As an event planner it is easy for us to stand back at an event and watch exhibitors make costly mistakes at their booths. Exhibitors spend a lot of money to attend an event. It is not just the cost of the booth but also the cost of marketing material, samples and giveaways, the travel to get there, and more!
When they don’t make the sales they expected it can be frustrating and potentially damaging to the company. Unfortunately, as the event planner, we often get blamed for low sales. We hear about it in the survey results – not enough attendees, bad location of their booth, bad location of the venue, not enough marketing of the event.
But, in those same survey results we are hearing the complete opposite too from the exhibitors who were hugely successful.
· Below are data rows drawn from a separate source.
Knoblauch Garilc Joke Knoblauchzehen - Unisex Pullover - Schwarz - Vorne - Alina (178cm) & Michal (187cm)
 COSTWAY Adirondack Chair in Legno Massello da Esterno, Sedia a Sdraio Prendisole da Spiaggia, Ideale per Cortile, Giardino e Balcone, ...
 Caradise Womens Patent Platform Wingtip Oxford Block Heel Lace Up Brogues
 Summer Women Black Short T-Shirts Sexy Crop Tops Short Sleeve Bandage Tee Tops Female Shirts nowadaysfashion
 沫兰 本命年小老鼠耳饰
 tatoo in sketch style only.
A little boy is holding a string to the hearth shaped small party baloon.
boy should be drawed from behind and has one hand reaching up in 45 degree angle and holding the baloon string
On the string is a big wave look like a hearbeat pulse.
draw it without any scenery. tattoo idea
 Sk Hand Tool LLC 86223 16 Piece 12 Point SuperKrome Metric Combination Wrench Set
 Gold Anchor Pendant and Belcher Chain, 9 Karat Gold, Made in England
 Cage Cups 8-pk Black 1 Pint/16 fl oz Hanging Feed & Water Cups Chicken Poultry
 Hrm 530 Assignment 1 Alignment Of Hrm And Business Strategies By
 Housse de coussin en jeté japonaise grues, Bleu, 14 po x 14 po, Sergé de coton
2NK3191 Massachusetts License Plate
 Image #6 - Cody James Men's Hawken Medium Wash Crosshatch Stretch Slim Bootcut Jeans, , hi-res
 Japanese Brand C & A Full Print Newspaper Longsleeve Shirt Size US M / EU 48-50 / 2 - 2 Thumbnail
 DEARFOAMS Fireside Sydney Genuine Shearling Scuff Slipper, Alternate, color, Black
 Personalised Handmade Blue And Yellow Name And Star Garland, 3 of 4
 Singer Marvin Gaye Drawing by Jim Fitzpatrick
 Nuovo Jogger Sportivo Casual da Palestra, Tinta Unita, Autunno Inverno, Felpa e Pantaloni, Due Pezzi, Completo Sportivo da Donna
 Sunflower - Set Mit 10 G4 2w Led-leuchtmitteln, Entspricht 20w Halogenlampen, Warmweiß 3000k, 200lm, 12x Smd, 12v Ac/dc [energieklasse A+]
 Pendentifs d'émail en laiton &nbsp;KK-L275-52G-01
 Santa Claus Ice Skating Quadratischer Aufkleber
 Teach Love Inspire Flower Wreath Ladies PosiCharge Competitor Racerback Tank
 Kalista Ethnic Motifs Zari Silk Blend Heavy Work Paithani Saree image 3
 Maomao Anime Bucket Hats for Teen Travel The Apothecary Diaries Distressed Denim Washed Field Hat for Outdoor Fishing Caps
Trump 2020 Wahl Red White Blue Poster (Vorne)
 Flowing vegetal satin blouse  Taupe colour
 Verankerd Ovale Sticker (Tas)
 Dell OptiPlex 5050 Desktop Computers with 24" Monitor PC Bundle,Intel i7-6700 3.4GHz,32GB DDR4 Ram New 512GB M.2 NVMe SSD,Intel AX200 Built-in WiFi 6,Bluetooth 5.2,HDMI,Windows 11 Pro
It is important for exhibitors to take a step back and assess what they could have done better to make sure they maximized this marketing opportunity.
Here are some examples of what we see exhibitors doing that deter foot traffic to their booth.
Head down, getting work done
At every trade show there is always one exhibitor that is too busy to be there. They have their laptop out on the table and they are busily typing away. I am not sure if they think it makes them look important or that their business is so busy that they can’t possibly take a minute. But, it actually does the complete opposite of whatever it is they think it is doing. It appears to the attendees that they clearly don’t want to make a sale, they are too busy for their business. And frankly, it’s bad business. If you are so busy that you can’t be fully present at your booth then why are you there?
Being desperate to make a sale
Nobody likes pushy sales people. There is nothing that will drive away business faster than a sales person at a booth pushing for a sale. I think the perception of what is supposed to happen at a trade show is skewed. You are not there to make a sale on the spot. You are there to exhibit, to show and educate people about what you do. With the hope that you made an impression and when they are ready to buy that they remember you. If you go into a trade show with the intention of making connections rather than sales you will be more successful long term.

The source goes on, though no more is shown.